Pro Fisherman Joel Merchant with just a tiger shark jaw at the Tweed Bar crossing. Photo: Blainey Woodham / Tweed Daily News
Pro Fisherman Joel Merchant with just a tiger shark jaw at the Tweed Bar crossing. Photo: Blainey Woodham / Tweed Daily News Blainey Woodham

Pro fisherman says sharks increasing in size and number

DOZENS of large sharks thrashing about as they attack fish and each other has become a common sight for Joel Merchant, just metres from his boat as he brings in his lines off the coast of Tweed Heads.

The professional fisherman said in the past eight years he had observed a sharp increase in nearly all shark species.

He said this meant more attacks like the recent Northern Rivers ones were likely.

There have been two shark attacks at Lennox Head in three weeks and a fatal mauling last year in Ballina. Surfers and swimmers are reporting more shark sightings and encounters.

"I have noticed a large increase in the size and number of a range of species from whalers and tigers through to bull sharks," Mr Merchant said.

He operates from Tweed Heads and sells to local fish and chip shops where flake (shark) is popular.

Mr Merchant said weight and length restrictions on shark catches had to be contributing to the attacks.

"Queensland now has a 1.5m limit on some sharks caught and New South Wales has a weekly weight limit of 500kg on sharks, so commonsense tells you the less sharks caught the more there will be out there."

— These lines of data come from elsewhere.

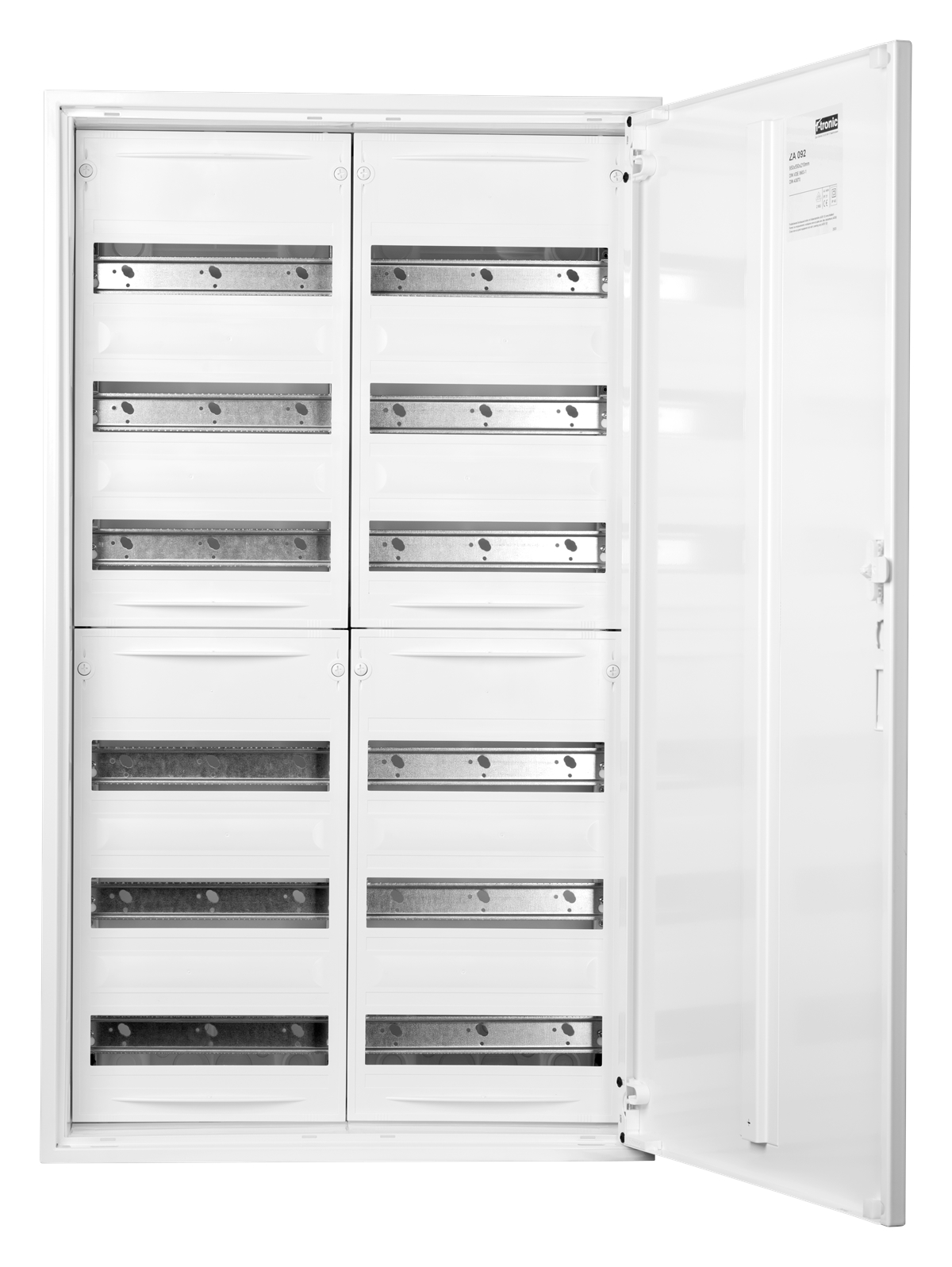 1St. F-Tronic VS2-6 Verteilerschrank VS2-6, 2-feldrig, 6r, 950x550x210mm 7110241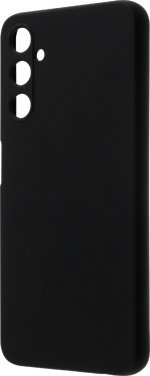 Wave Soft Touch siliconen beschermer, Samsung Galaxy A05s, Zwart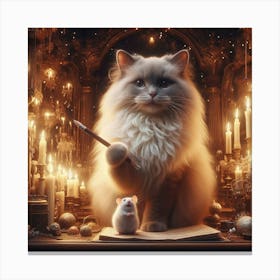 Cat With A Pen Canvas Print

As whales head north to mate in warmer waters, several species of sharks follow the migration in the hope of catching a feed of calves and sick adult whales who may be separated from the pod.

Mr Merchant said as whale migration numbers increased so would the presence of the great white and other large sharks.

"In the last couple of decades the number of whales coming up the coast have more than doubled so you have to expect the big whites to be around as well."

Marine expert Dr Daniel Bucher from Southern Cross University said whale migration and fish runs were bringing the larger predators closer to our beaches which resulted in an increase in human contact.

"It's not so much that they are mistaking us - they know we are not a seal or a dolphin, we're about the right size to be food."

It is understood that informal discussions have begun between Northern Rivers councils on shark protection options.

Ballina Shire Council is looking at implementing permanent aerial patrols and other technology such as sonar deflection devices.